(Problem to work on): Starting with the line with "Off-White Chain Arrow" in the entries below and going on through the line with "jolan pfeiffer business card", output every line exactly and nothing more. No pictures.

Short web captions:
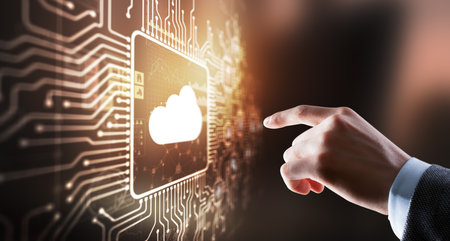 Cloud Computing Concept. Business click iconの写真素材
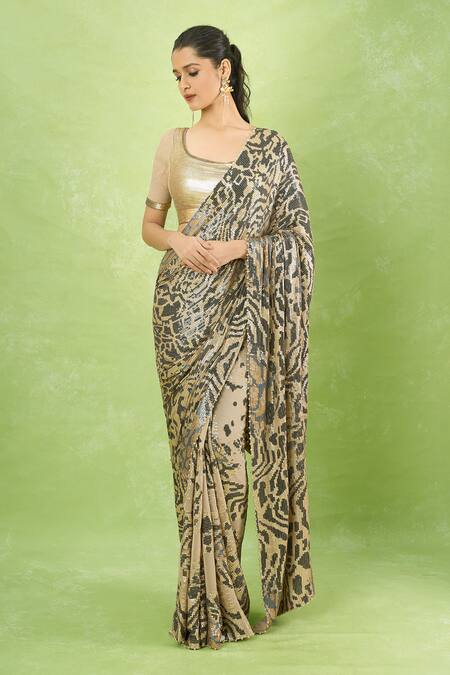Buy_Nakul Sen_Beige Silk, Chiffon Sequins Round , Scoop Embroidered Saree With Blouse 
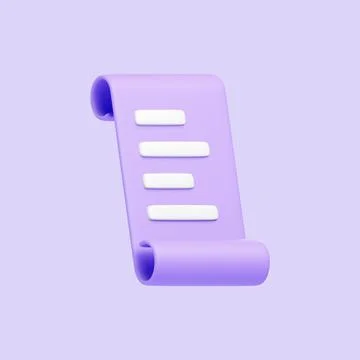 Abstract design of a purple scroll unrolling with a white list Stock Illustration
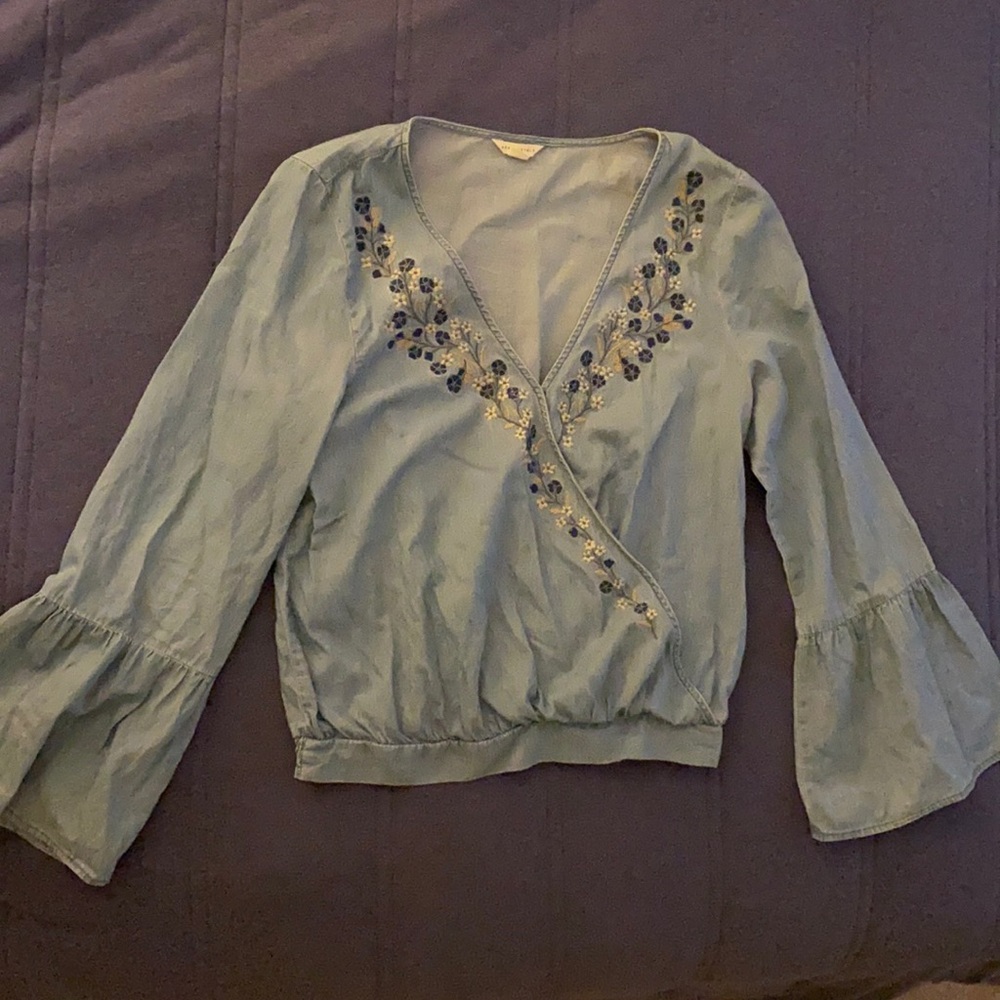 Aeropostale denim embroidered wrap top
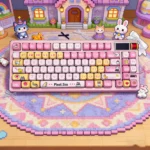 A playful collection of unique pixel zoo PBT keycaps showcasing various charming animal designs from different angles, highlighting their vibrant design.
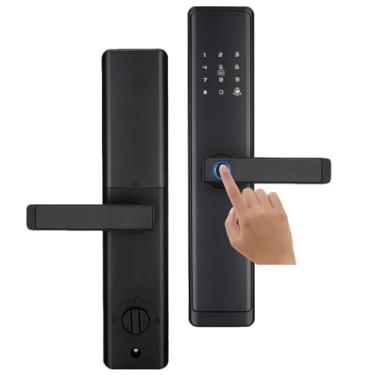 Imagem de Fechadura Eletronica Digital Biometria Wifi Cartao Aplicativo Chave Residencial Elegante Segurança Proteçao Aviso Sonoro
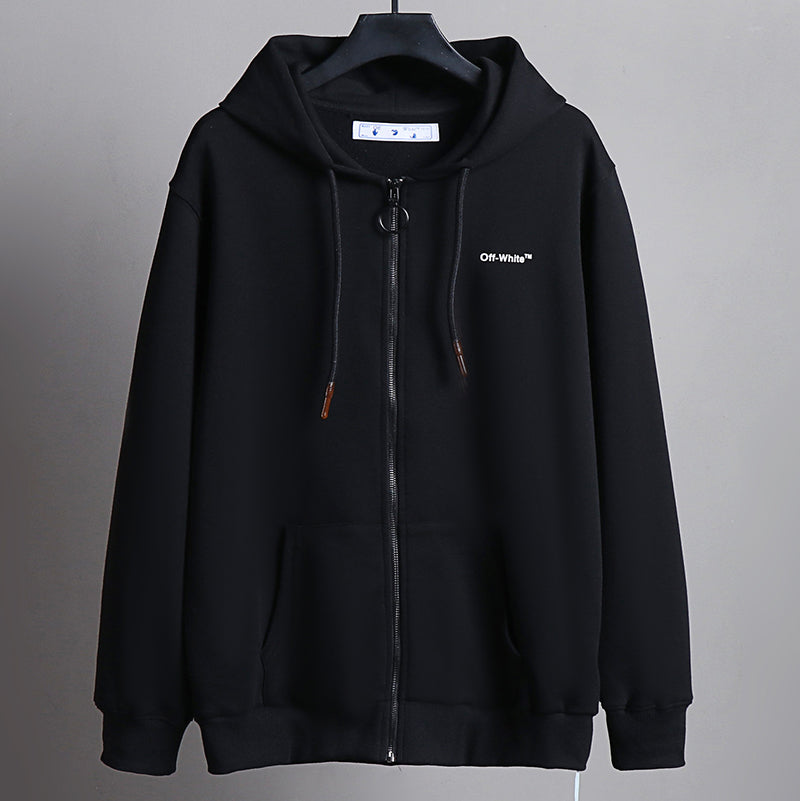 Off-White Chain Arrow Zip Hoodie – Black Fleece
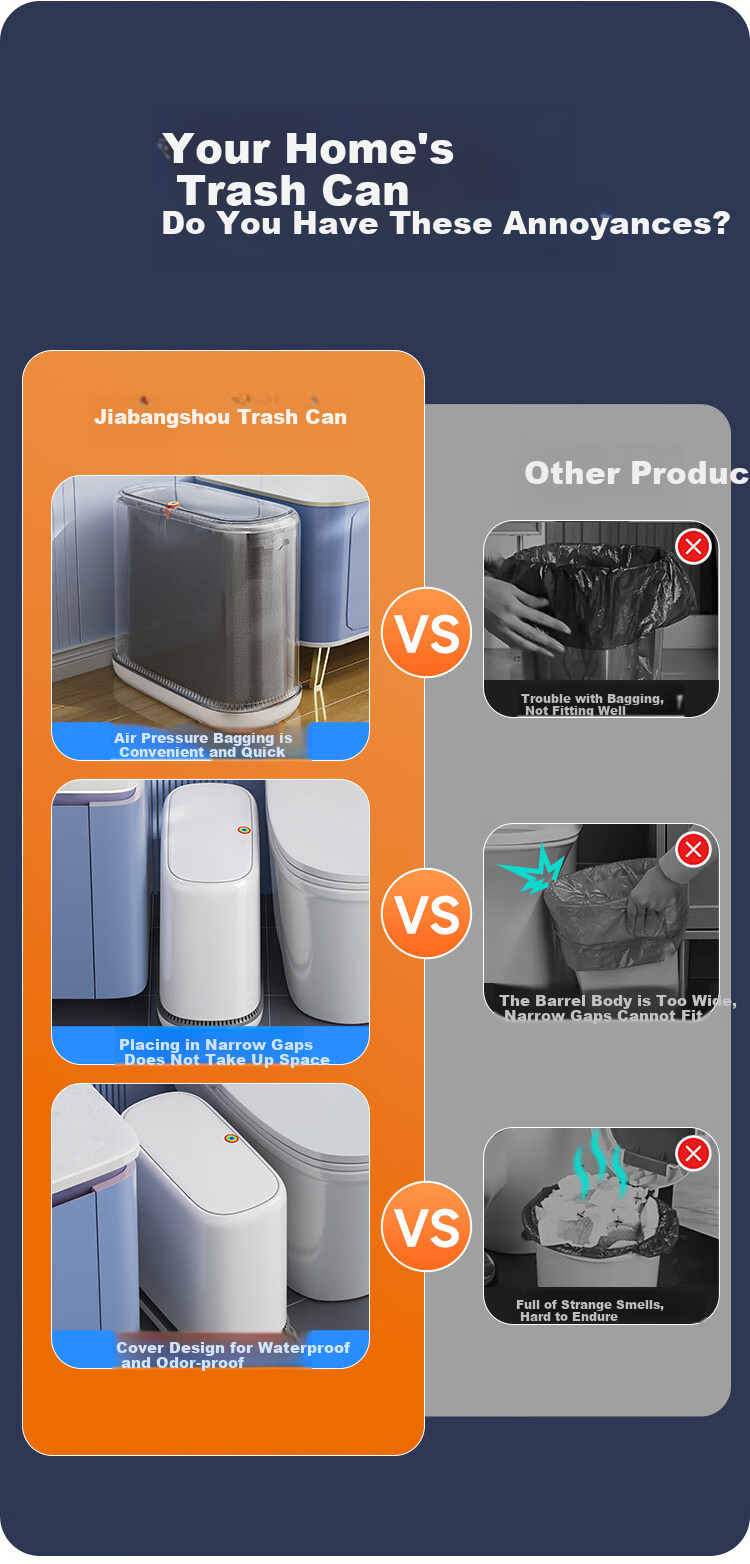 Jiabangshou Pressure-Resistant Garbage Bin, 8.6L Capacity, New Model 2026, with Lid for Bathroom, Living Room, Kitchen, Bedroom, Narrow Spaces 4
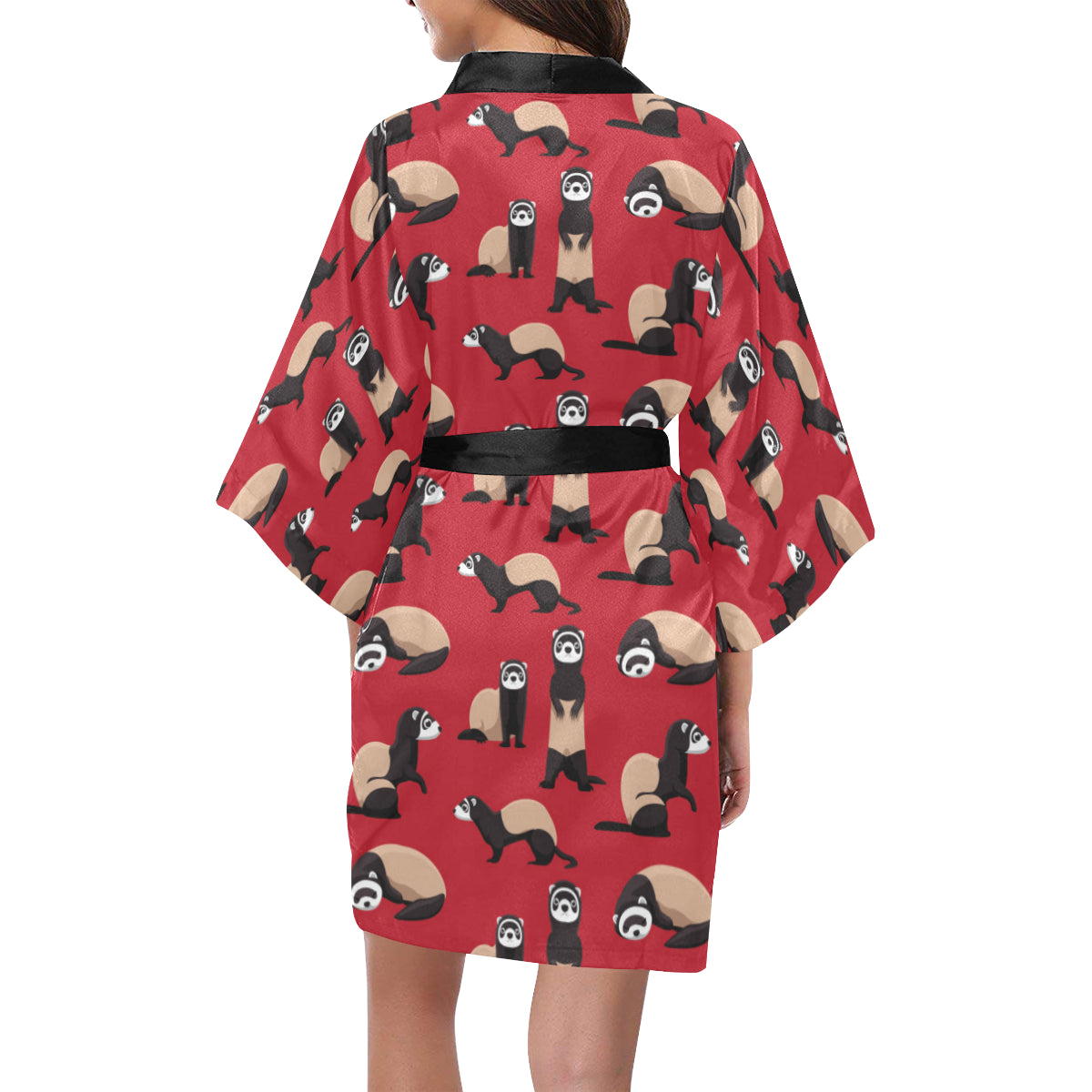 Ferret Pattern Print Design 02 Women's Short Kimono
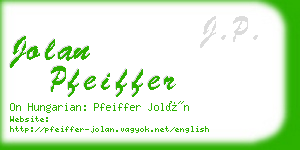 jolan pfeiffer business card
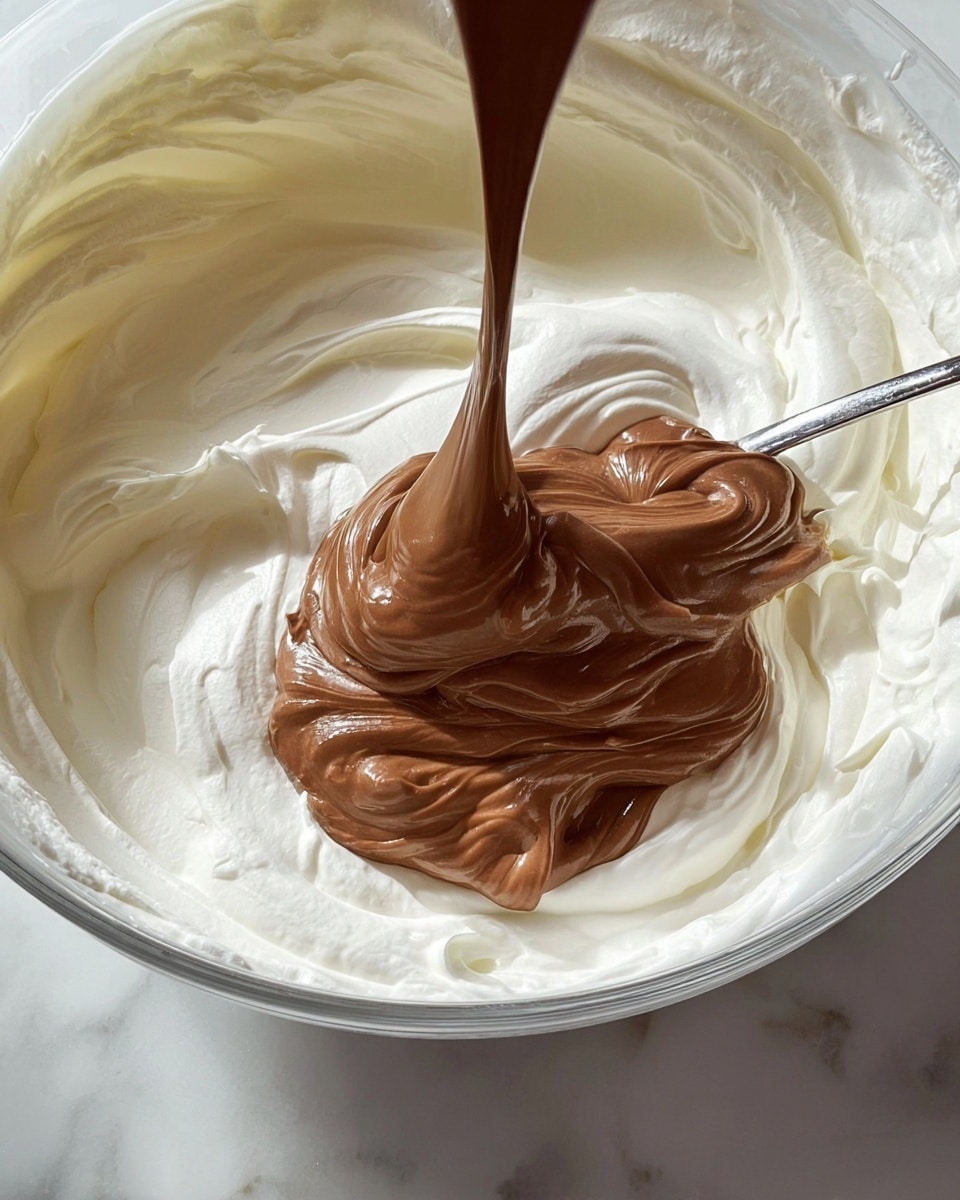 A close-up image showing two layers of creamy mixtures in a clear bowl on a white marbled surface; the bottom layer is smooth, thick, and white whipped cream spread evenly inside the bowl, while a thick, smooth, brown chocolate mixture is being poured slowly in the center, creating a rich swirl as it lands on the white base, with a silver spoon partially submerged at the right side blending the white cream; the scene captures the mix of the two textures and colors. photo taken with an iphone --ar 4:5 --v 7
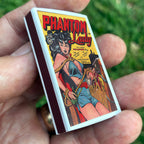 Phantom Lady Comic Matchbox – Vintage Superhero Matches, Retro Pulp Art, Comic Book Gift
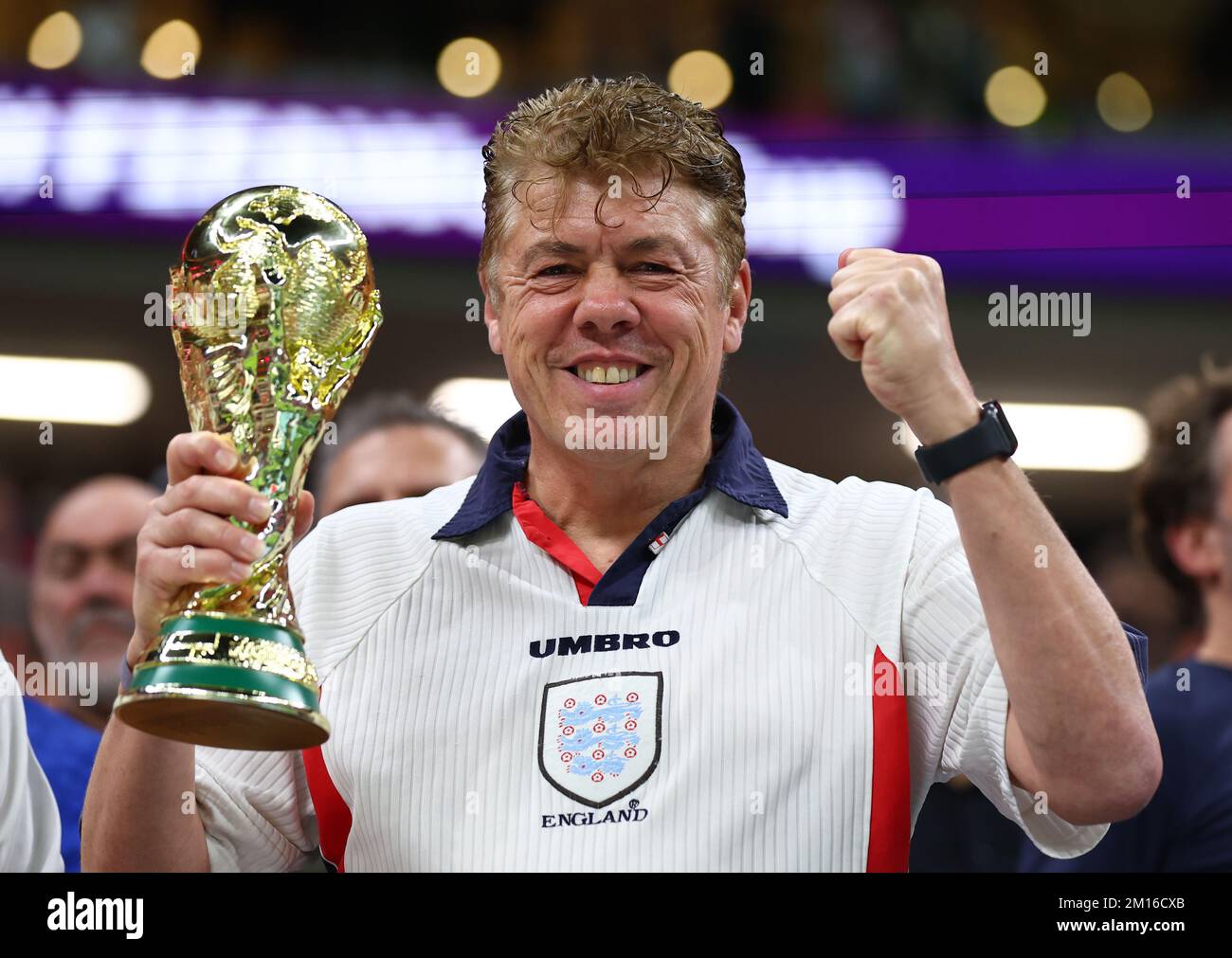 Al Khor, Qatar, 10th December 2022.   England fan with replica World Cup during the FIFA World Cup 2022 match at Al Bayt Stadium, Al Khor. Picture credit should read: David Klein / Sportimage Credit: Sportimage/Alamy Live News Stock Photo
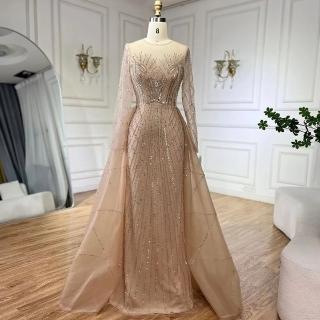 【女神婚紗禮服】輕奢優雅幾何串珠圓領罩紗魚尾晚禮服LA72528駱駝金(宴會舞臺主持人 拉鍊款晚禮服)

(Reply):
 Off-White Chain Arrow Zip Hoodie – Black Fleece
 Jiabangshou Pressure-Resistant Garbage Bin, 8.6L Capacity, New Model 2026, with Lid for Bathroom, Living Room, Kitchen, Bedroom, Narrow Spaces 4
 Ferret Pattern Print Design 02 Women's Short Kimono
 jolan pfeiffer business card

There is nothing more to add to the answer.